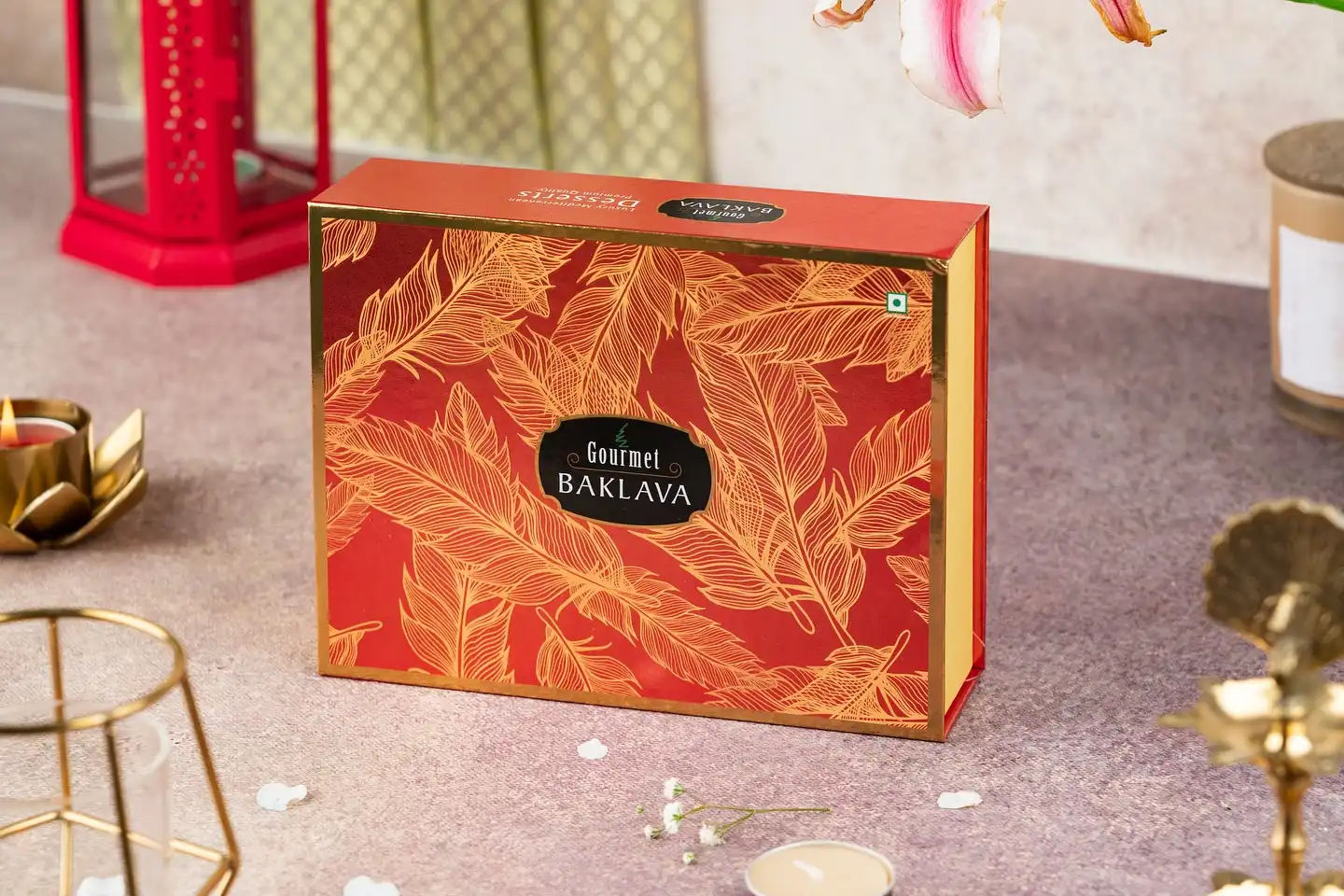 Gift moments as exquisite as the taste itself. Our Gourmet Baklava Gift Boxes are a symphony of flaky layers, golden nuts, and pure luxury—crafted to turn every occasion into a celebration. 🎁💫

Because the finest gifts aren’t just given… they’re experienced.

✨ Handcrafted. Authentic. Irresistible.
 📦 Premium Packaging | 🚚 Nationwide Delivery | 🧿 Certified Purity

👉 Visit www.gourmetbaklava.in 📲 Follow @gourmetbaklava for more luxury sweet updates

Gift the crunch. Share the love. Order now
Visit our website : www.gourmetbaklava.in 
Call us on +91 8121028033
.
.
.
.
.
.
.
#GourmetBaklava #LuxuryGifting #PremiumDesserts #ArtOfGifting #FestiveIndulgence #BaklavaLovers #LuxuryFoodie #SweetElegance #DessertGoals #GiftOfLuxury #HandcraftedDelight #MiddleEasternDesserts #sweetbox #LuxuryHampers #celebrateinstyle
------------------------------------------------------------
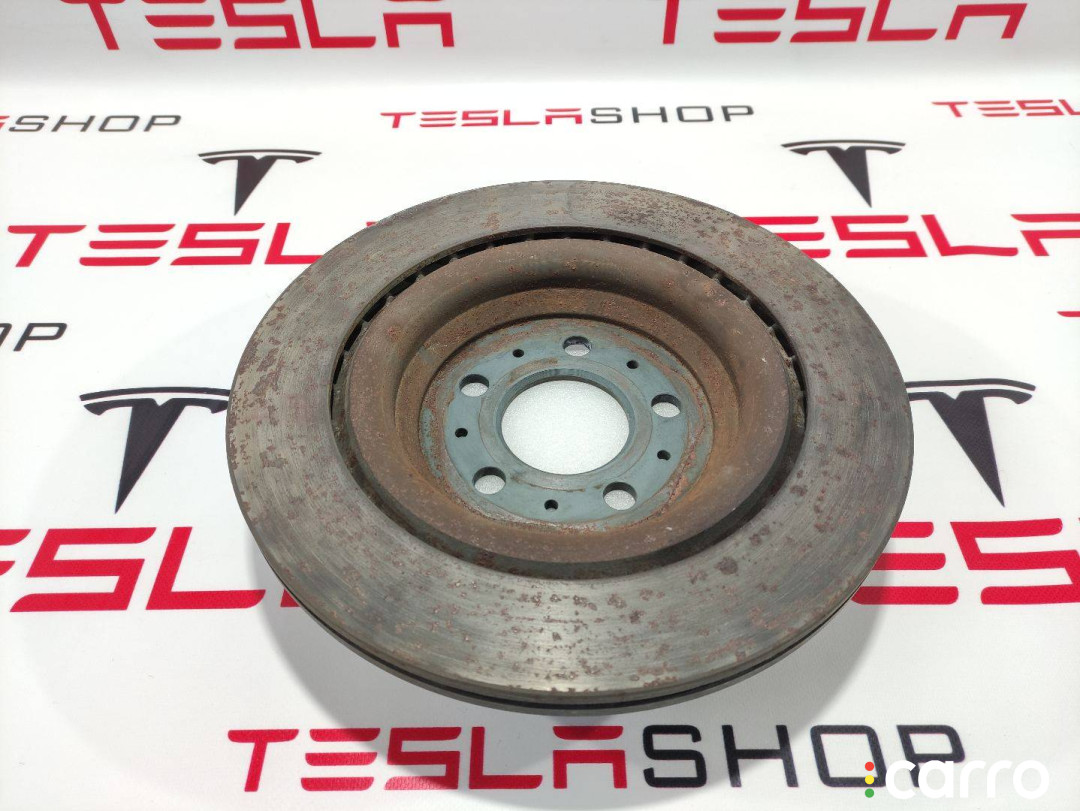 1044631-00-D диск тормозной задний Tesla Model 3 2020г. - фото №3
------------------------------------------------------------
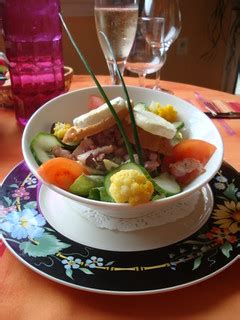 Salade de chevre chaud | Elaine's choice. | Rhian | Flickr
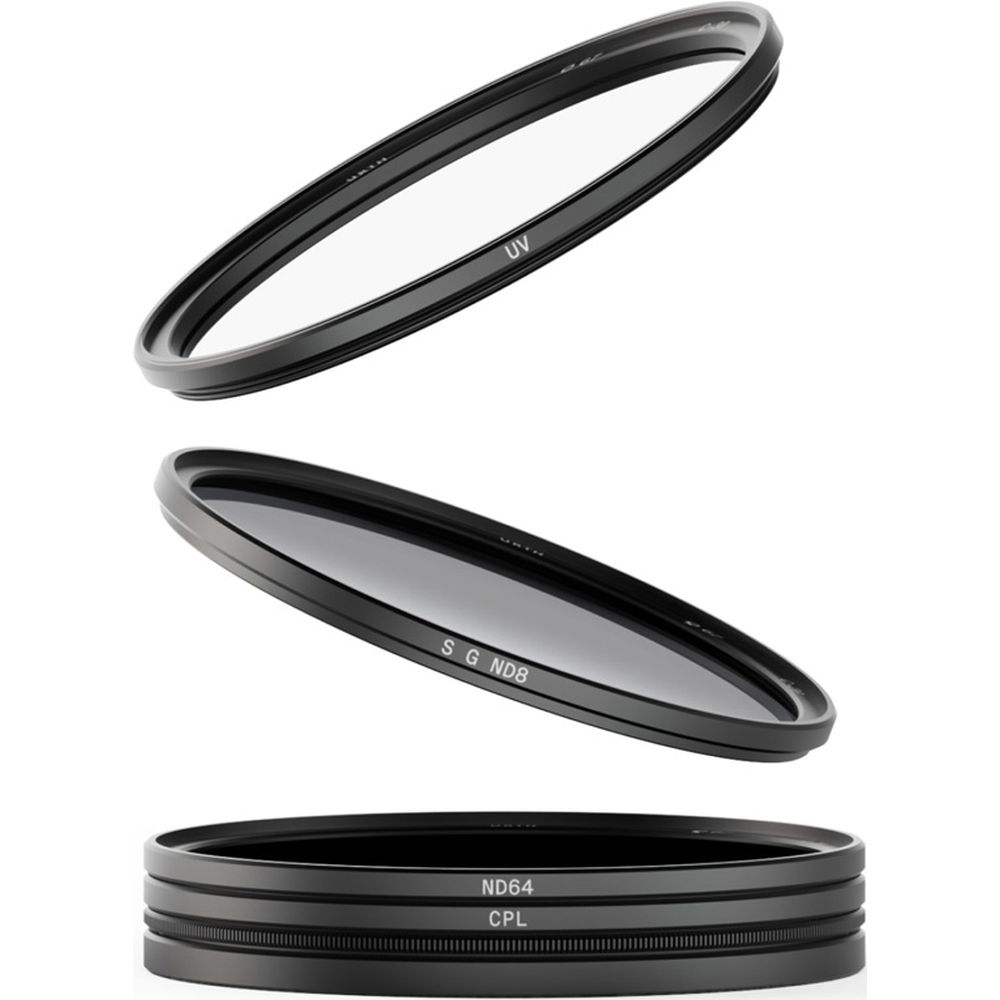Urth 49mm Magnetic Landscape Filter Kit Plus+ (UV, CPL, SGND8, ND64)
------------------------------------------------------------
**WHAT THIS TASK INVOLVES**
Copy the lines above exactly. Start with the line containing "Visit our website : www.gourmetbaklava.in", end with the line containing "#GourmetBaklava #LuxuryGifting #PremiumDesserts", and include both.

**RESULT OF THE EXERCISE**
Visit our website : www.gourmetbaklava.in 
Call us on +91 8121028033
.
.
.
.
.
.
.
#GourmetBaklava #LuxuryGifting #PremiumDesserts #ArtOfGifting #FestiveIndulgence #BaklavaLovers #LuxuryFoodie #SweetElegance #DessertGoals #GiftOfLuxury #HandcraftedDelight #MiddleEasternDesserts #sweetbox #LuxuryHampers #celebrateinstyle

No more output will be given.